Interview question: 'What is the data processing inequality and why does it matter for ML?'
Practical applications
The final family of questions: 'where does information theory show up in real systems?'. The right move is to connect theory to concrete instances: JPEG -> R-D tradeoff; recommender systems -> I(user; recommendation) as a quality signal; A/B tests -> KL divergence between groups; differential privacy -> an information limit on leakage.
**IT applications in ML industry:** 1. Entropy regularization in RL (SAC, max-entropy policy). 2. KL divergence in RLHF (KL from a reference policy). 3. Mutual information in feature selection. 4. Differential privacy: epsilon-DP bounds I(algorithm; data). 5. Model compression = minimizing I(weights; data).
| System | IT use | Metric |
|---|---|---|
| SAC (RL) | Entropy regularization: max H(pi) | Entropy H(pi) |
| RLHF (ChatGPT) | KL penalty from ref policy | KL[pi || pi_ref] |
| Recommender | Max I(user; item) | Mutual information |
| Differential privacy | epsilon-DP bounds I | epsilon, delta parameters |
| Knowledge distillation | KL[soft_teacher || student] | KL divergence |
Historical note
Soft Actor-Critic (Haarnoja et al., 2018) formalized entropy regularization in RL. RLHF (InstructGPT, 2022) uses KL divergence as a penalty preventing policy mode collapse. Differential Privacy (Dwork, 2006) is an information-theoretic privacy guarantee.
Information theory only applies to compression and telecommunications.
IT runs through ML: VAE (ELBO), RLHF (KL penalty), differential privacy (epsilon-DP), feature selection (MI), model compression (MDL). It is the universal language for describing information in systems.
Information is a foundational concept. Wherever there is data, learning, or uncertainty, there is IT. ML is largely 'learning efficient information representations'.

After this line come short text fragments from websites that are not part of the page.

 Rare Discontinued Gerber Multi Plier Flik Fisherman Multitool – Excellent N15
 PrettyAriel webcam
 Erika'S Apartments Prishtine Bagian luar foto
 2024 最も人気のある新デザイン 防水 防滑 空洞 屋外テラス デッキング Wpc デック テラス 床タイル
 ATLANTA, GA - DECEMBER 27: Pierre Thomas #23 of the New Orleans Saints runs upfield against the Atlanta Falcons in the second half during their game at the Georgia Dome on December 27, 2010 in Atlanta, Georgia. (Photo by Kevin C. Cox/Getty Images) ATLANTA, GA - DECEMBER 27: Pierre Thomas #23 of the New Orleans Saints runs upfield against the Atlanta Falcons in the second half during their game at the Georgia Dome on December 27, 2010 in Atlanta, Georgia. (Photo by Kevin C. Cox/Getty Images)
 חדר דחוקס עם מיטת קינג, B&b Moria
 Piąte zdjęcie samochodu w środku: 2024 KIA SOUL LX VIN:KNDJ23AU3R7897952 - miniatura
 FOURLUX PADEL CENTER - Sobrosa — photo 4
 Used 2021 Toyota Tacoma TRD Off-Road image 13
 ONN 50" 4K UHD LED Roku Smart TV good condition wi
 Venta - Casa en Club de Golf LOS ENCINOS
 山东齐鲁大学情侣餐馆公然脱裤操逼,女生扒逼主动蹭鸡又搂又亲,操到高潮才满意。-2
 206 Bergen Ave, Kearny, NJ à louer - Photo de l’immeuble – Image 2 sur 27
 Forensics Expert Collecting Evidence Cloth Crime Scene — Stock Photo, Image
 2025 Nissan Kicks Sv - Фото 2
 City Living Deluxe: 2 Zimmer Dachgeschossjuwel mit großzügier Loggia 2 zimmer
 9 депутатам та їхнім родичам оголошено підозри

RLHF for ChatGPT adds a KL[pi || pi_ref] penalty. Why?
Takeaways
- **Entropy:** H = 0 (deterministic) up to log_2(n) (uniform). Biased coin p = 0.99 has H ~ 0.08 bits. Conditioning reduces entropy.
- **Coding:** Huffman gives H <= L < H + 1. nH bits is the minimum size for n symbols. At power-of-two probabilities Huffman is optimal.
- **Capacity:** C = B log_2(1 + SNR) for AWGN. BSC(p): C = 1 - H(p). I(X; Y) = H(X) - H(X | Y) >= 0.
- **ML applications:** RLHF (KL penalty), SAC (entropy reg), VAE (ELBO), differential privacy (epsilon-DP). Data processing inequality: processing does not create information.
Related topics
Interview preparation depends on every earlier topic.
- Entropy and mutual information — Base definitions, a precondition for every other question.
- Information theory in ML — ELBO, IB, MINE are the most common advanced questions at ML interviews.
- Channel and capacity — Shannon's formula and channel capacity are System Design staples.
Вопросы для размышления
- If the interviewer asks for 'intuition behind KL divergence', how do you answer in 2 minutes with no formulas?
- How would you answer 'why is ChatGPT sometimes confidently wrong?' using IT concepts (output entropy, KL from reference)?
- Suppose the task is 'given N videos, pick 10 to show the user'. How would an information-theoretic approach help here?